### Task brief
Reproduction of part of the material below, pictures omitted: copy exactly, and only, the lines starting with the one with "Alright guys, that" and going on through the one with "Your new insulation".

### Supplied records
== Segment start ==

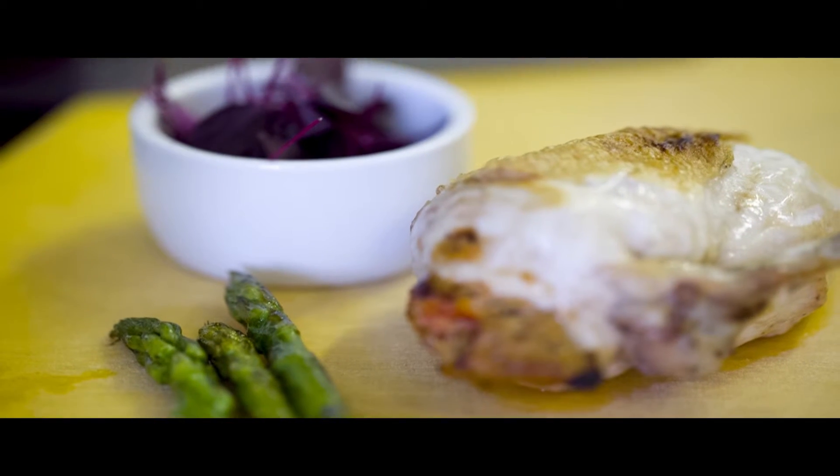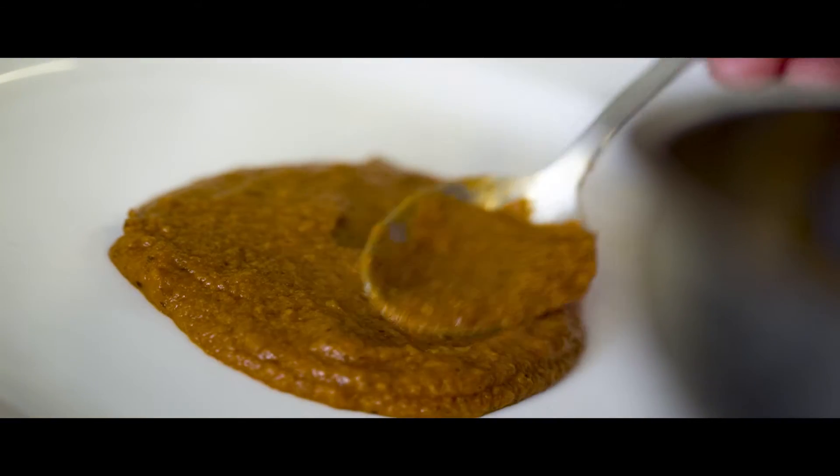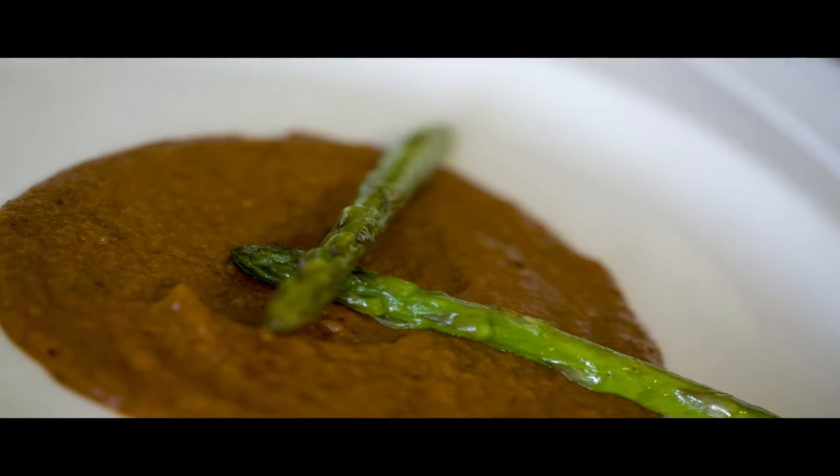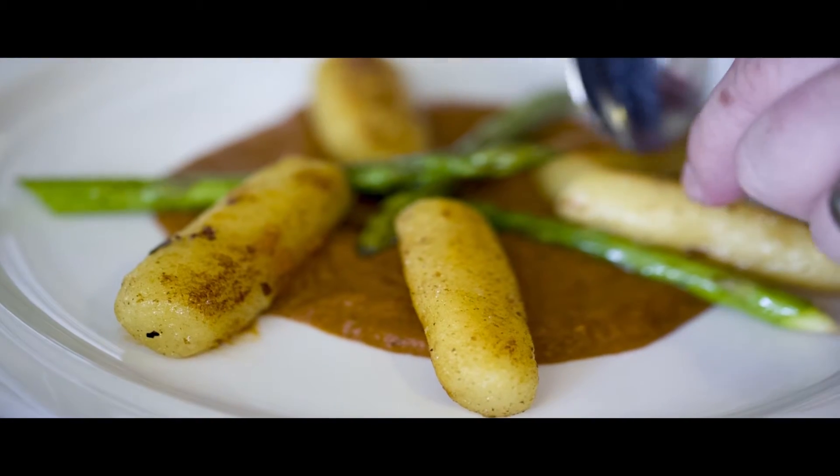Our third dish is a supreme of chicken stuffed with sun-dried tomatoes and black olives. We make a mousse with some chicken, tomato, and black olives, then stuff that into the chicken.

== Segment end ==
== Segment start ==

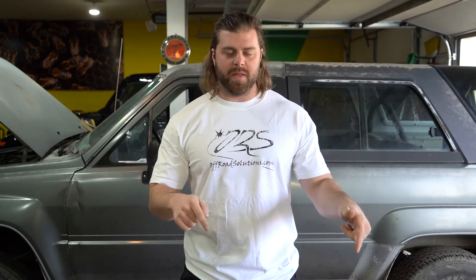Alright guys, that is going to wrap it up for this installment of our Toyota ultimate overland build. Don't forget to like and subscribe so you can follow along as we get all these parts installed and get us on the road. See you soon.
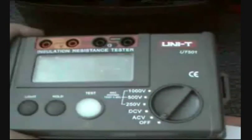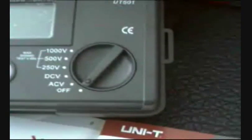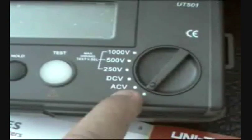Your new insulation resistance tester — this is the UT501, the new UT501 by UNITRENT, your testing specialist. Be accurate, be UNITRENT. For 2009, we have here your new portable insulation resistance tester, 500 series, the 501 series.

== Segment end ==

### Output of the exercise
Alright guys, that is going to wrap it up for this installment of our Toyota ultimate overland build. Don't forget to like and subscribe so you can follow along as we get all these parts installed and get us on the road. See you soon.
Your new insulation resistance tester — this is the UT501, the new UT501 by UNITRENT, your testing specialist. Be accurate, be UNITRENT. For 2009, we have here your new portable insulation resistance tester, 500 series, the 501 series.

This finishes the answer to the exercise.